A dahllan arregalou um pouco os olhos e corou um pouco. Não que ela não soubesse receber elogios, mas aqueles pareciam sinceros e despretensiosos, sem malícia alguma.
— Mas me conta, toda essa preocupação com o animal caído, o que você faz? — disse tentando esconder o rubor.
— Então — começou em tom de palestra, com um sorriso fácil que não saía do rosto — , eu sou médica veterinária, mas eu sempre estudei um monte de matérias correlatas. Eu acredito que não basta cuidar da saúde dos bichinhos sem entender eles. Por que eles comem certos alimentos, se faz bem pra eles, como cuidar da pelagem, da pele, redução de stress, evitar traumas, recuperação de contusões, medicina mais natural. Enfim, essas coisinhas — concluiu com um sorriso sapeca de quem percebeu que estava iniciando uma pequena aula sem querer.

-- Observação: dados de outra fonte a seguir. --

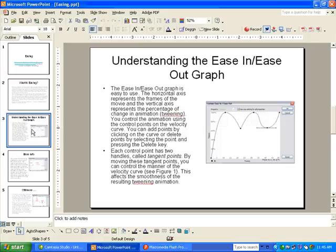And in this second easing exercise, we're going to understand how to use the velocity graph.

A mulher de cabelos rosa ficou um tempo em silêncio. Não era só mais uma caipira que amava animais, deixou Arton e renasceu ali. Era uma estudiosa. Uma médica que havia atravessado o véu dimensional e foi parar ali. Agarrou sua coroa, ajeito-a na cabeça e se levantou; a mulher acompanhou o gesto.

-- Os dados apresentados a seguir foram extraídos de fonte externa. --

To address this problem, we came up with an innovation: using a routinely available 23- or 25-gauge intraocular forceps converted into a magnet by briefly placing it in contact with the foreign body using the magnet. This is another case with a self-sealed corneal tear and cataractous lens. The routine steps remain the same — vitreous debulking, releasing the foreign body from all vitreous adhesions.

— Bem, eu achei que ia te ensinar algo, mas é mais fácil você passar a eternidade me ensinando coisas pelo jeito — riu. — Venha, vou lhe mostrar a cidade aqui perto, eu gosto bastante do pessoal daqui. Depois posso te levar para conhecer o colegiado em um dos poucos centros mais urbanos de Árboria. Lá você vai poder aprender praticamente tudo sobre a vida animal daqui.
A mulher assentiu empolgada, mas franziu o cenho antes de seguir a dahllan.
— Vocês não têm um telefone, não? Eu precisava avisar umas pessoas.
— Olha, eu não sei o que é isso aí, mas pra enviar mensagens nós temos magias que fazem isso. Agora, se for pra você falar com o pessoal lá de onde você veio, só tome cuidado. Existe uma dimensão assombrosa e repleta de monstruosidades esperando desavisados cruzarem as realidades e caírem lá. Um sopro por aqui, outro por ali? Talvez seja possível, mas atravessar o véu? Não faça isso, de verdade.
— Tudo bem, sem problemas senhora— a mulher apenas assentia. Parecia compreender aos poucos como as coisas funcionavam por ali.
— Oh, senhora não, deuses, vou achar que estou envelhecendo! Pode me chamar de Prunna, tá bem? E você, como chama?
Ela abriu a boca para responder, mas parou antes de dizer qualquer coisa. Nem tudo era claro em sua memória. Lembrava de lugares, números, procedimentos cirúrgicos, pessoas. Contudo, alguns nomes — como o seu próprio — pareciam meio enevoados. Após um breve momento e algum esforço, conseguiu lembrar parte de seu nome. Deveria servir.
— Marina — disse com um sorriso bobo, mordendo o lábio.
**********************************
Em algum lugar, em alguma dimensão distante, um vento mágico conjurado de muito longe embalava uma borboleta. O inseto pousou em um muro para descansar. Um cachorro se aproximou e cheirou o pequeno animal, uma garota a viu e sorriu com olhos pesados.
Ela tirou uma foto de recordação e seguiu sua vida.